Дом за моей спиной походил на плохонький отель третьесортной развивающейся страны.
Я посмотрел на свои ноги. Пальцы выглядели как испуганные мышата-альбиносы.
– Почему вода зеленая? – спросила Моника, неслышно подойдя ко мне.
– Может быть, мальчика для чистки бассейна вывезли из дома вместе с мебелью, коврами и прочей утварью.
– Неужели Перселл на самом деле сделал что-то с моей сестрой?
– Он просто сказал, что в свое время знал твою сестру. Остальное можно толковать по-разному.
– Но что бы он ни сделал, его не мучает совесть, да?
– Нет, он не похож на парня, которого терзает чувство вины. Он также не похож на человека, который убивает старых приятелей.
– Может быть, здесь ты ошибаешься?
– Не думаю.
– Что будем делать?
– Давай поплаваем.
Я искоса глянул на нее, потом посмотрел пристальнее и не смог отвести взгляд.
Моника Эдер была рождена носить купальник в виде двух полосочек. В ней было нечто американское, дышащее здоровьем. Она была слишком хороша. Впрочем, между друзьями нет места для слова «слишком».
– Не думаю, что нам следует пользоваться его гостеприимством. В этой усадьбе я чувствую себя грязной.

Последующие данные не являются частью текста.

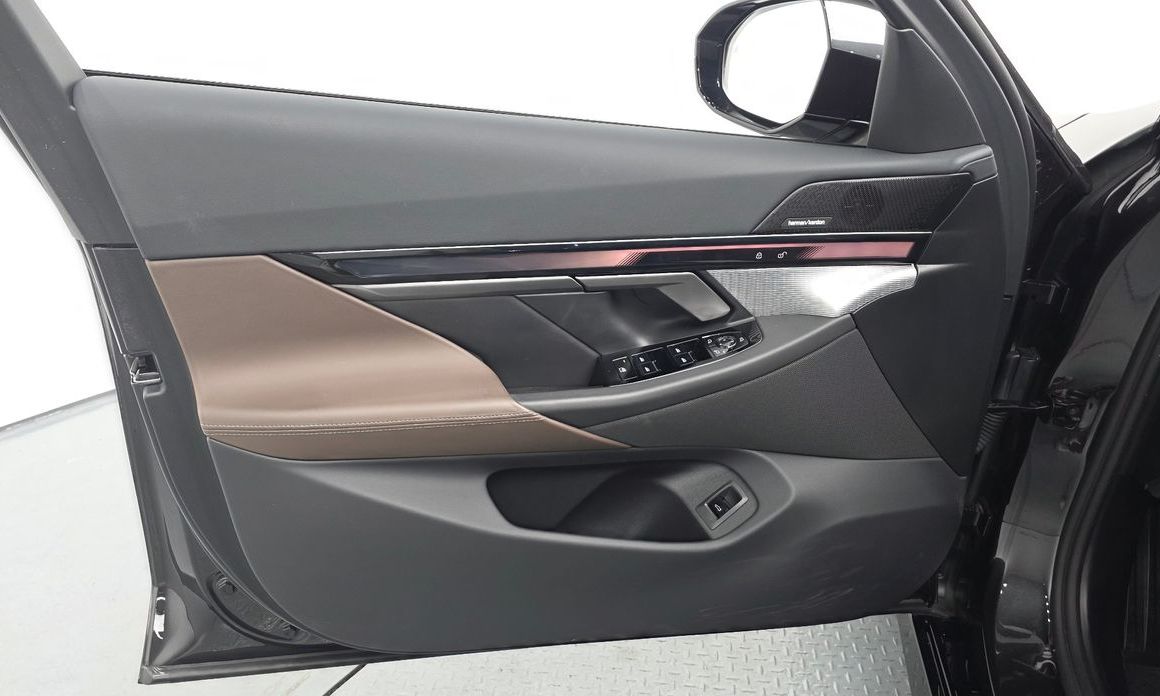 BMW 5-Series 2025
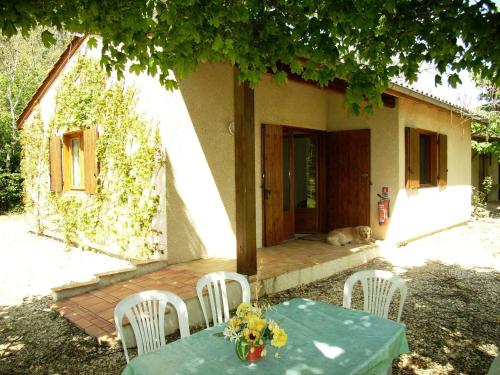 Comfortable house with terrace in south Dordogne Gavaudun france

– Похоже, он хочет о чем-то рассказать. Полагаю, нам стоит остаться, вести себя непринужденно и дать ему возможность исповедаться.

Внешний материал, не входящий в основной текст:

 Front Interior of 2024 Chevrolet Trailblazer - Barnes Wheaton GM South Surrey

– Значит, праздное времяпрепровождение у бассейна – часть нашего плана?
– Ну конечно, Моника. Неужели ты думаешь, что мне здесь очень нравится?
Появился Лу с подносом в руках; на подносе стоял украшенный зонтиком запотевший стакан.
– Я принес коктейль, – сказал Лу. – Свежий, прямо из банки.